Sheep64 on Mon 22 Feb 2021 wrote:
You might want to provide operand sizes which are binary and/or Fibonacci length. Specifically, 0, 1, 2, 3, 4, 5 and 8 byte.
jeffythedragonslayer's question about ADD/ADC,
jeffythedragonslayer's flag mnemonic (which led to another discussion about 65816 REP/SEP) and this topic, I consider 24 bit addition and similar.
I've considered 8/16/32/64 prefix instructions which also allow access to additional registers. This could be implemented with one multiplexer to a legacy ALU and a RISCy ALU. The legacy ALU allows arbitrary precision binary/decimal addition/subtraction using carry input. The legacy ALU also allows arbitrary precision binary/decimal increment. The RISC ALU allows larger operations, binary only, no carry in.

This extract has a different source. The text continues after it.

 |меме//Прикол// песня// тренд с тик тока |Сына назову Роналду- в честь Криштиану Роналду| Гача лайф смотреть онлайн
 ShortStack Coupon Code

Hopefully, 8 bit decimal adjust and 64 bit addition are equally balanced and the major latency comes from one multiplexer. I hadn't previously considered that operations can be combined to handle unusual sizes. So, for example, prefixed ADC performs 16/32/64 bit ADD and the carry out may be used with legacy 8 bit ADC. This is sufficient for 1, 2, 3, 4, 5 and 8 byte using only one or two addition operations. The rare cases of 6 or 7 byte operations are possible but require more instructions.
randyhyde may correctly think that I'm an idiot because 65000 already handles this case.

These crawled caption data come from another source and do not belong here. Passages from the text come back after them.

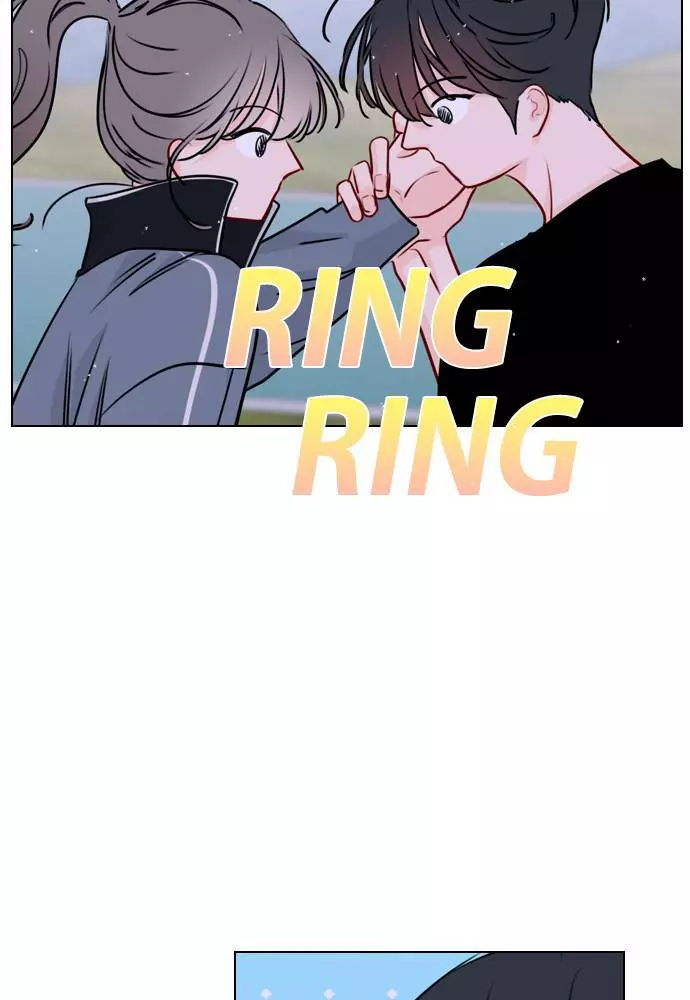 Manga page 101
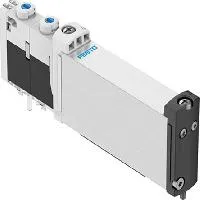 VUVG-B14-P53E-ZT-F-1T1L-EX2C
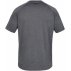 under armour ua tech 2.0 ss tee dark gray under armour ua tech 2.0 ss tee dark gray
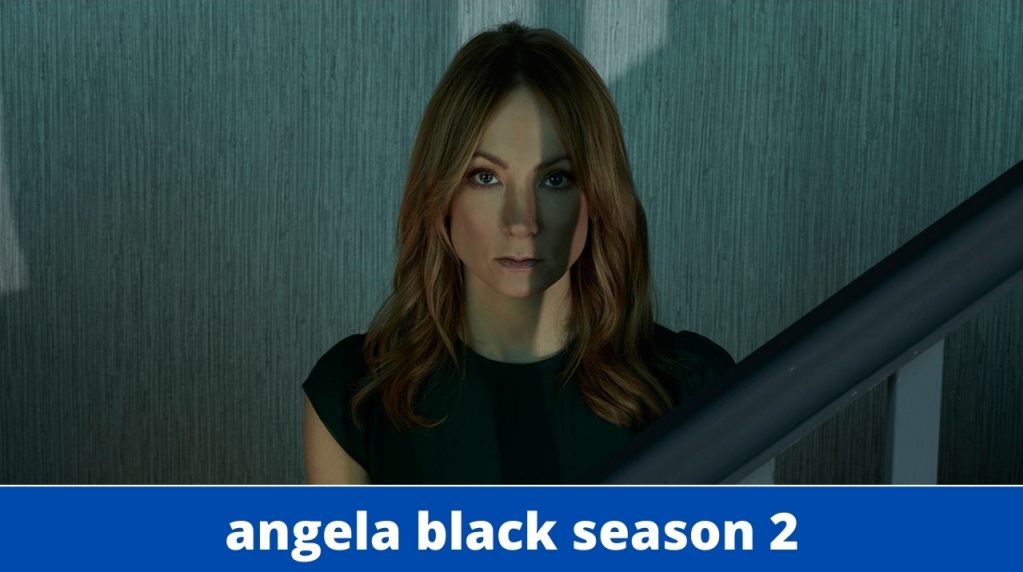 angela black season 2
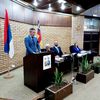 Foto www.vranje.org.rs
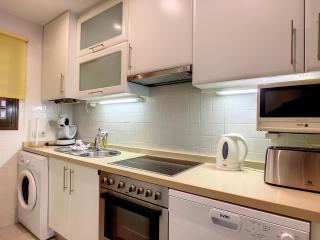 Roda Golf Resort - 9309 - San Javier - 6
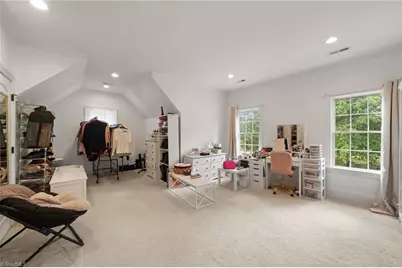 7517 Henson Forest Drive, Summerfield, NC 27358 - Photo 29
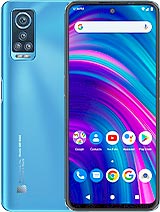 Best available price of BLU G91 Max in Uk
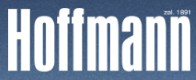 HOFFMANN spol. s r.o.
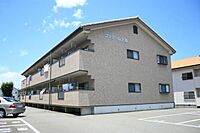 徳島県徳島市末広3丁目：物件画像／シティ・ハウジング株式会社　本店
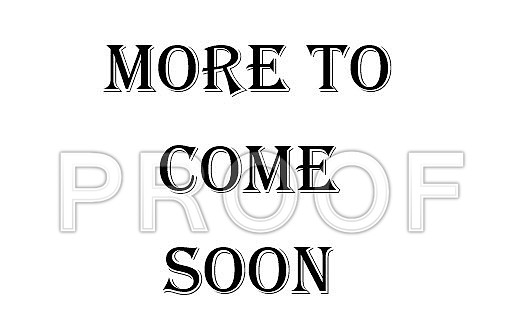 coming-soon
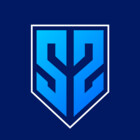 SussoGames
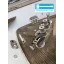 Used Yacht Elegance 92 Dynasty
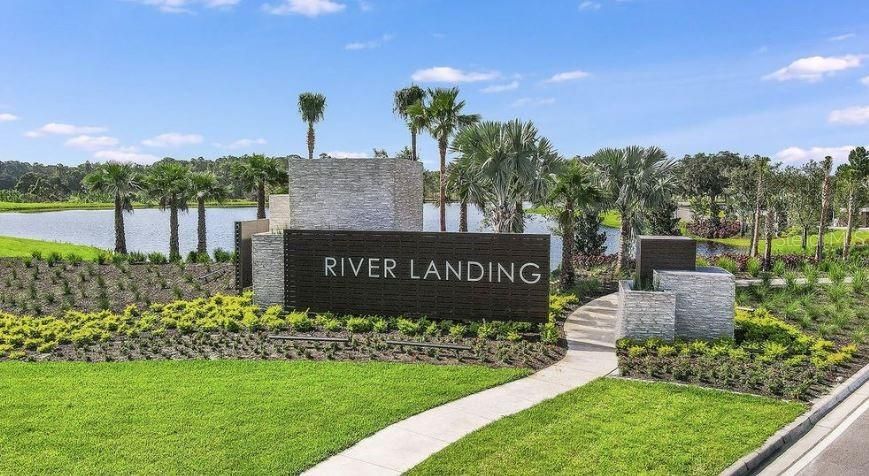 Active With Contract: $624,999 (4 beds, 3 baths, 3053 Square Feet)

Proxy on Tue 17 May 2022 wrote:
Usually RISC CPUs have 3 operands: 2 source and 1 destination. ... But honestly I don't fully know the consequences of choosing one over the other.
3-address register-to-register operations are not very useful if there are less than six symmetric registers. 2-address destructive operations can always be preceded with a register transfer, although this requires faster system (and more energy) to achieve the same amount of useful work. If money and energy is not the limitation, 2-address instructions have the greatest density - and this magnifies the effect of instruction caching. That's why we see x86 servers with 768MB of third level cache and battery powered RISC with one tier of cache. Likewise, smaller 2-address instructions are preferable when issuing multiple instructions per clock cycle - although that's a quagmire of security problems.

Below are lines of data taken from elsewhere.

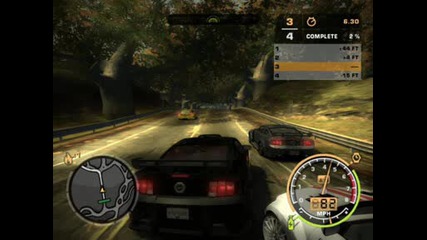 Картинки на Need For Speed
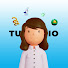 TEOH6TMq2Ls-channel-avatar-Tutorbio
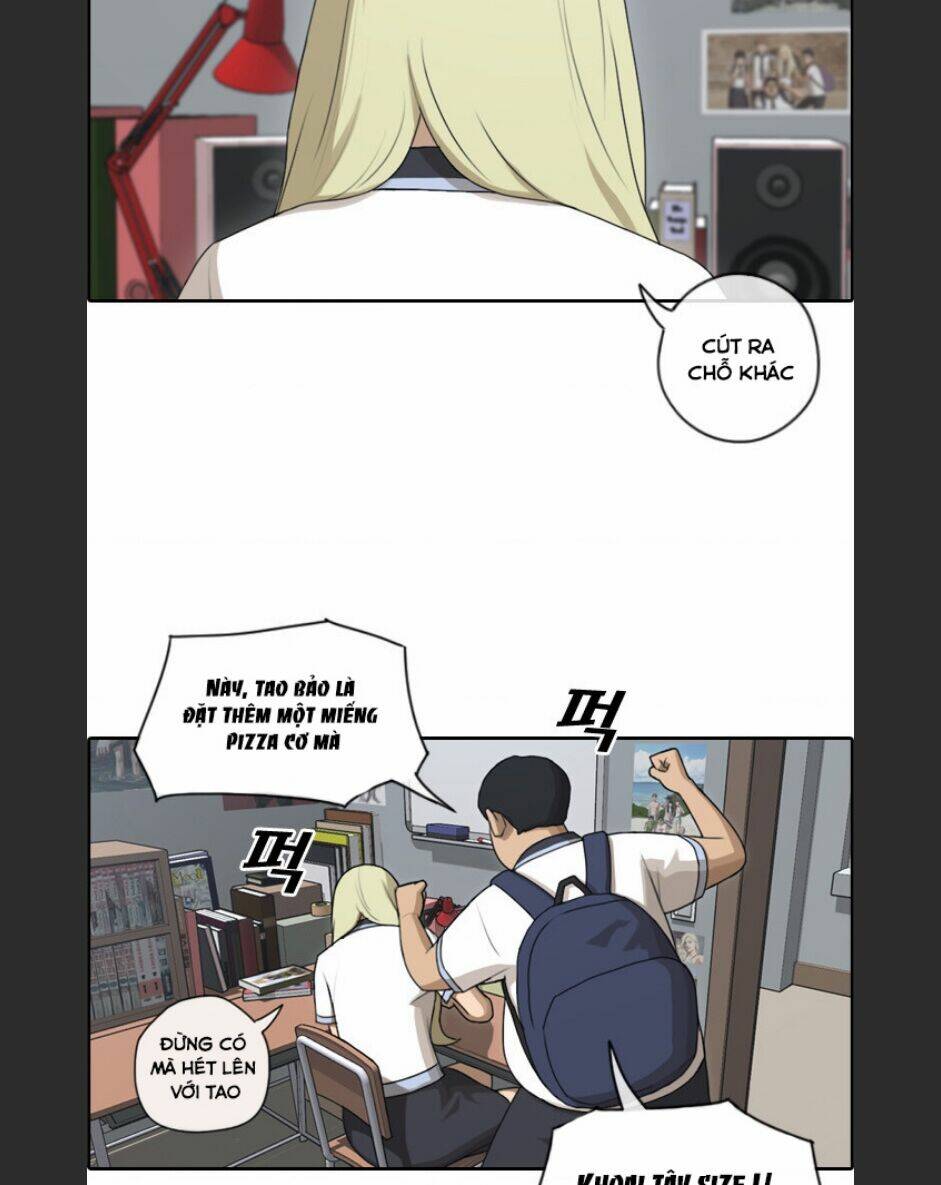 free draw m chapter 96 36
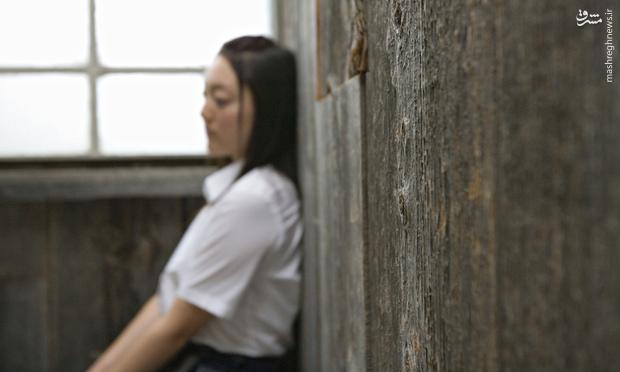 بحران آزار جنسی در مدارس بریتانیا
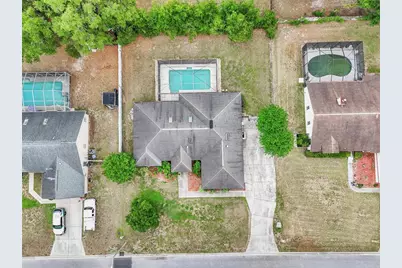 3585 SE 55th Court, Ocala, FL 34480 - Photo 18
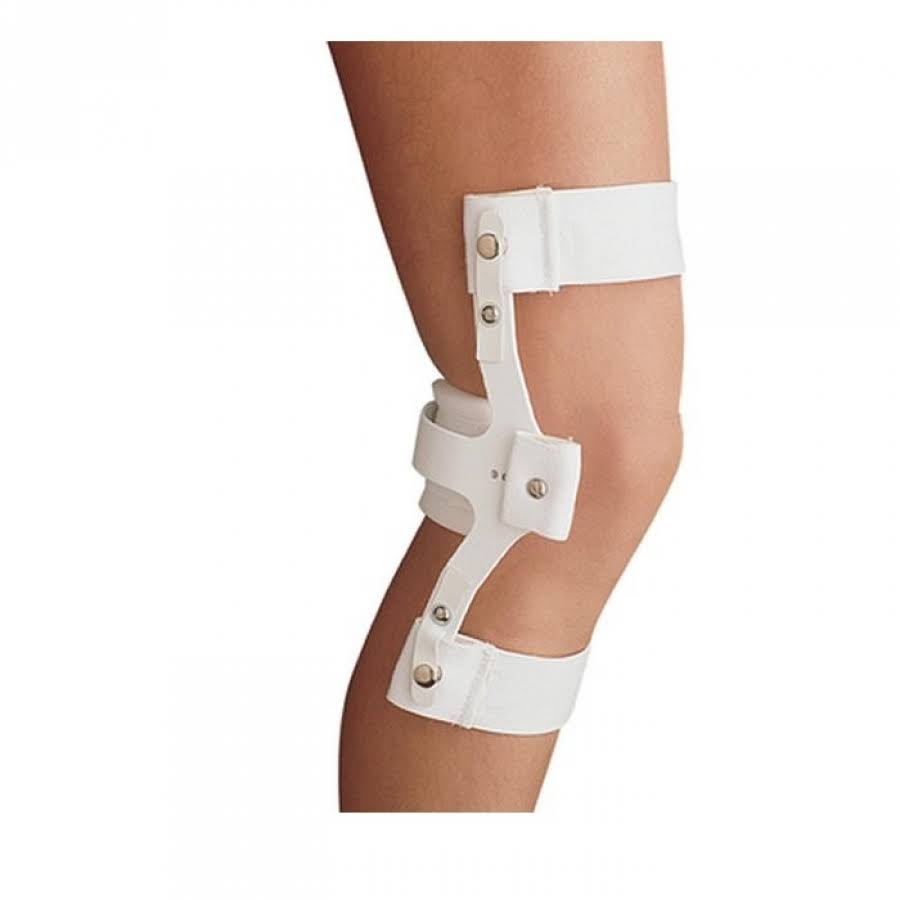 XL Knee Cage Q9427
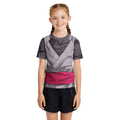 Dragon Ball Super Black Goku Kids Rash Guard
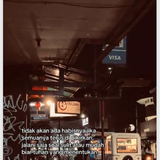 Screenshot 14.png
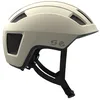 Image de Lazer Casque KinetiCore Unisexe Verde - Blanc Mat - Taille S/M - 50-56 cm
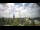 Webcam in Alpen, 35 km
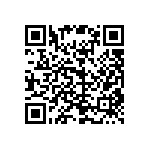 0603J0256P80CCR QRCode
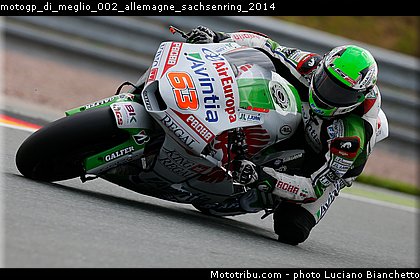 motogp_di_meglio_002_allemagne_sachsenring_2014.jpg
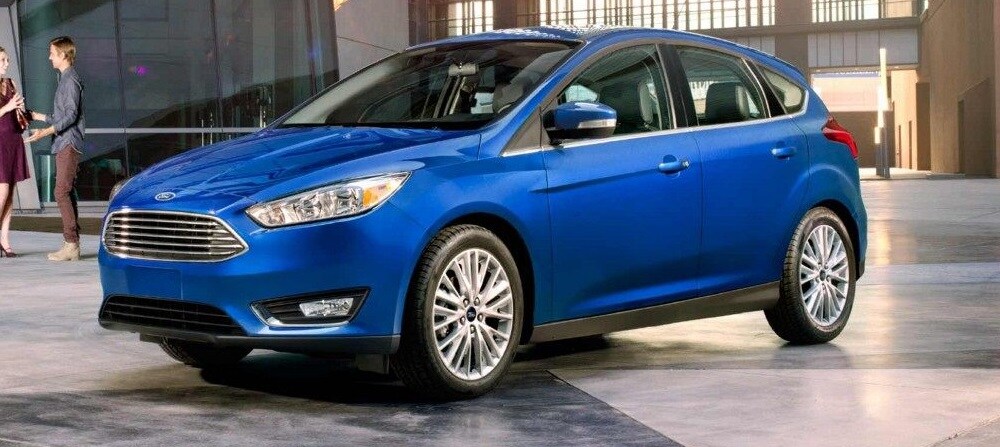 Fort Worth Focus >> 2018 Ford Focus Dealer Stephenville Granbury Fort Worth Tx Fort Worth Focus >> 2018 Ford Focus Dealer Stephenville Granbury Fort Worth Tx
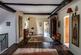 Additional image 22 of Church Lane, Warblington, Hampshire, PO9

It is possible to retro-fit 2-address register architecture with a 3-address prefix and this is especially useful if implementation is already 3-address internally. However, if you're doing this, your architecture has probably "jumped the shark".
Overall, 2-address instructions are preferable for running legacy, single threaded binaries at maximum speed. 3-address instructions are best for MIPS per Watt.